** DATA SHOWN **
━━━━━━

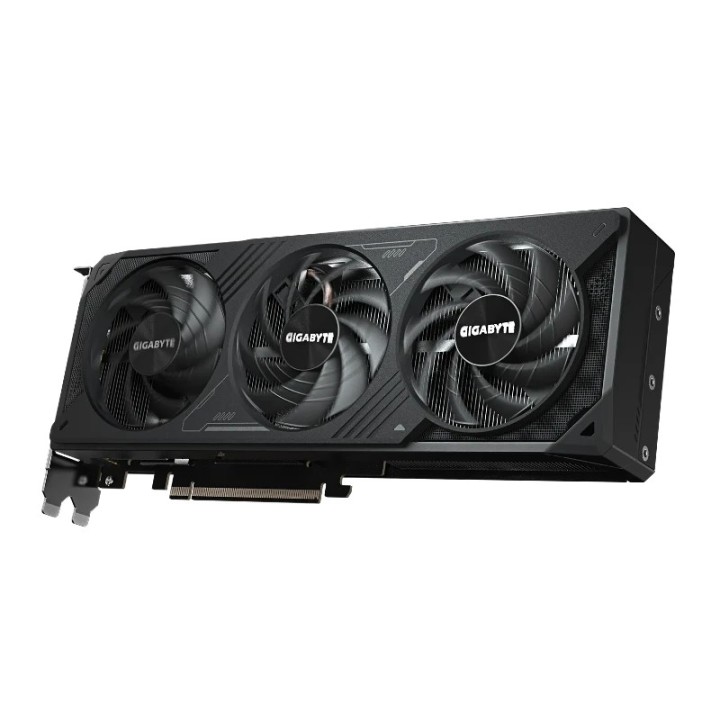 Grafička kartica Gigabyte WF OC RTX5070 12GB DDR7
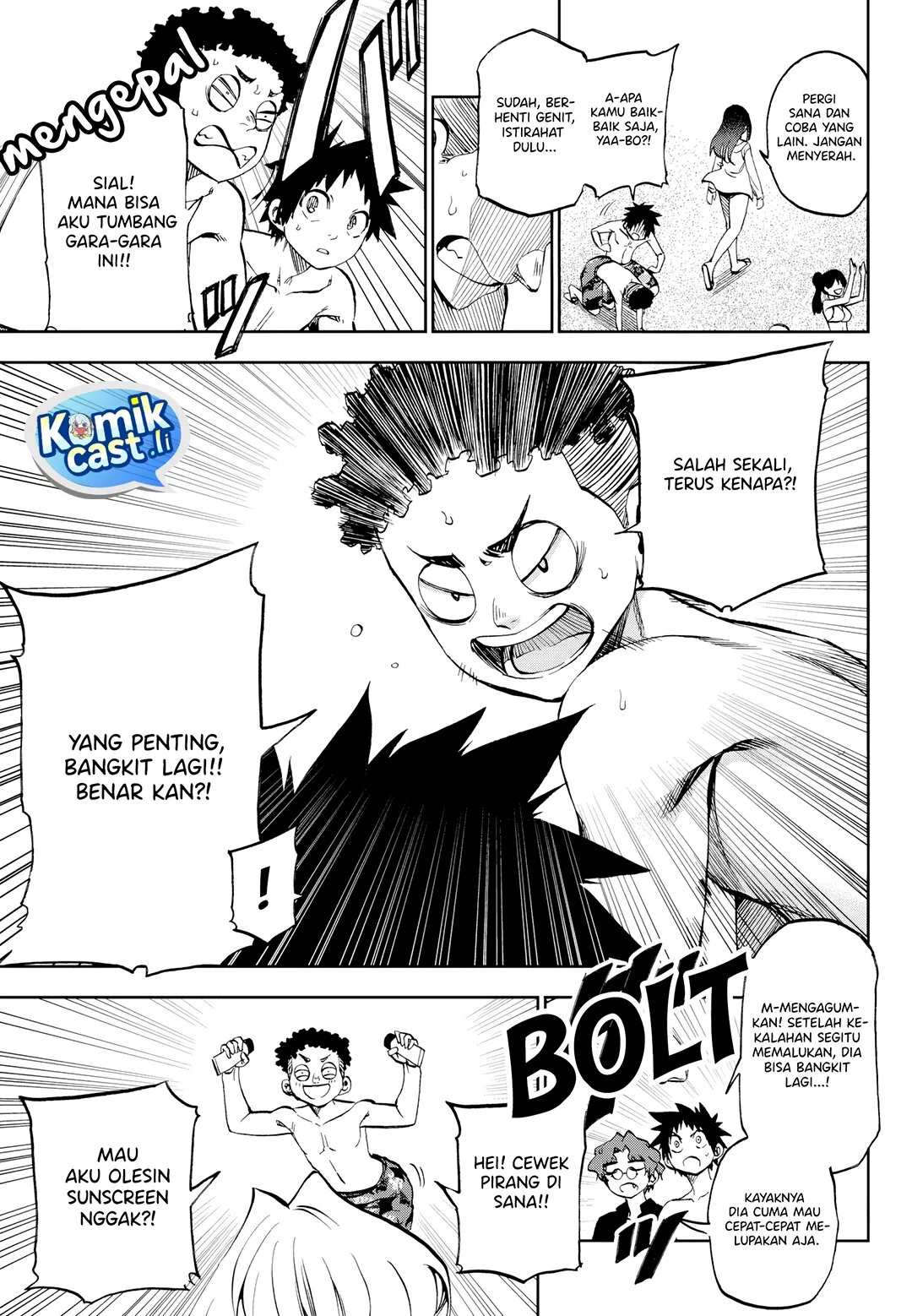 Chapter 30 - halaman 12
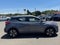 2018 Nissan Kicks SV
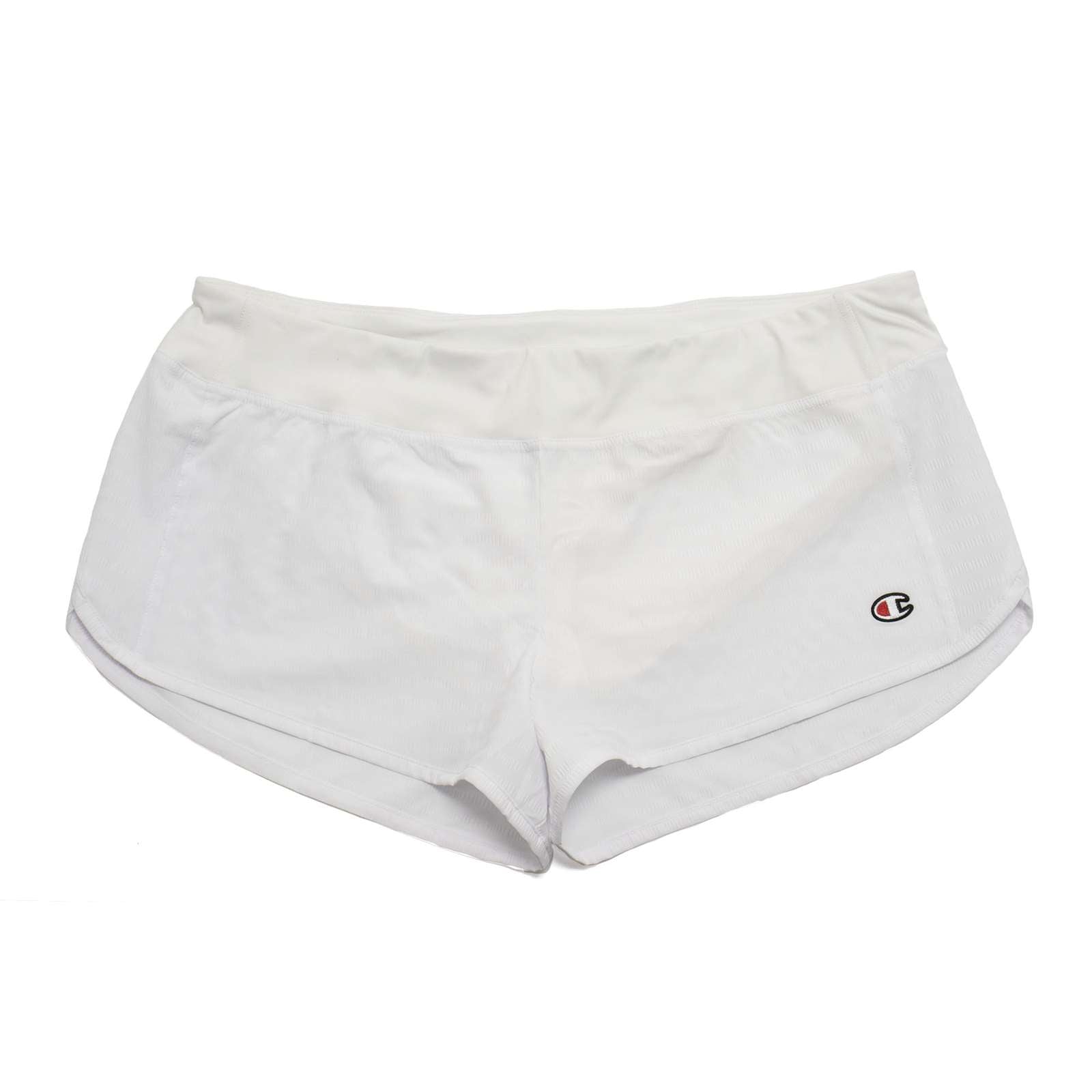 Champion Women Everyday Collection Eco Sport Shorts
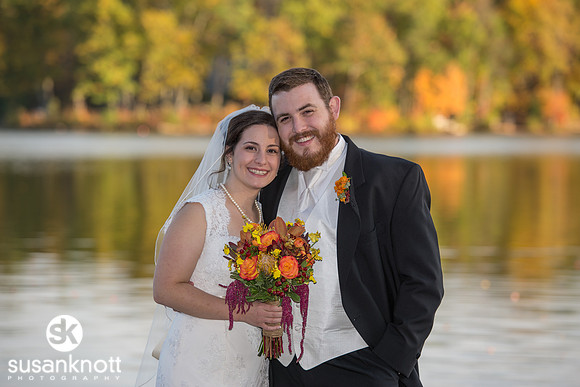 Wedding Photography-Crooked Lake-Brittany-Andrew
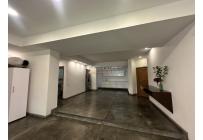 Apartamentos, Venta, Normandía - $765.000.000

━━━━━━

** WORK INSTRUCTION **
Please print the lines from the one holding "Champion Women Everyday" through the end of the records above, unchanged and with the pictures left out.

** PROBLEM SOLUTION **
 Champion Women Everyday Collection Eco Sport Shorts
 Wedding Photography-Crooked Lake-Brittany-Andrew
 Apartamentos, Venta, Normandía - $765.000.000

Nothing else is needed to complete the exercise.